A franquia seguiu por mais dois anos com a fase das equipes de detetives mirins, com Hard Gumi (1987) e Marin Gumi (1988). E só em 1989 é que a produtora japonesa apostou na fase das garotas mágicas, que durou até outubro de 1993, quando a franquia Toei Fushigi Comedy Series chegou ao fim.

Nesta fase, a Toei apostava em idols que estavam em ascensão para serem as estrelas principais de cada série. No caso de Patrine, a série foi estrelada pela atriz e cantora Yuko Hanashima, que havia iniciado a carreira em 1989. É dela a interpretação dos temas de encerramento da série, Kanashimi ni Ichiban Chikai Basho (nos primeiros 28 episódios) e Anata dake Change me (do episódio 29 até o final).

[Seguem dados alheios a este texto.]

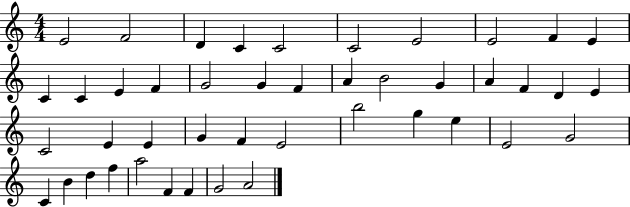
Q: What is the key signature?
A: C major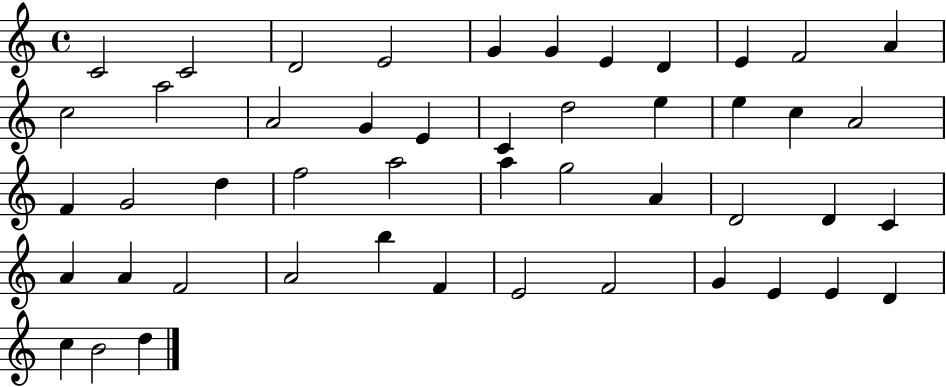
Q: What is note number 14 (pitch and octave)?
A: A4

Exibida originalmente entre 7 de janeiro e 30 de dezembro de 1990, com um total de 51 episódios, Poitrine (leia o nome original da heroína como: “Powatrine”; o nome original da heroína é uma palavra francesa que significa… “seios”) obteve 18.9% em média de audiência. Por isso, Toshi resolveu adquirir a série no ano seguinte e tentar emplacar na TV brasileira.
A estreia de Patrine demorou para acontecer. A Manchete chegou a anunciar durante a programação uma previsão de lançamento para abril de 1994, como atração do Clube da Criança, ainda apresentado pela atriz Mylla Christie (das novelas Meu Bem, Meu Mal e Deus nos Acuda).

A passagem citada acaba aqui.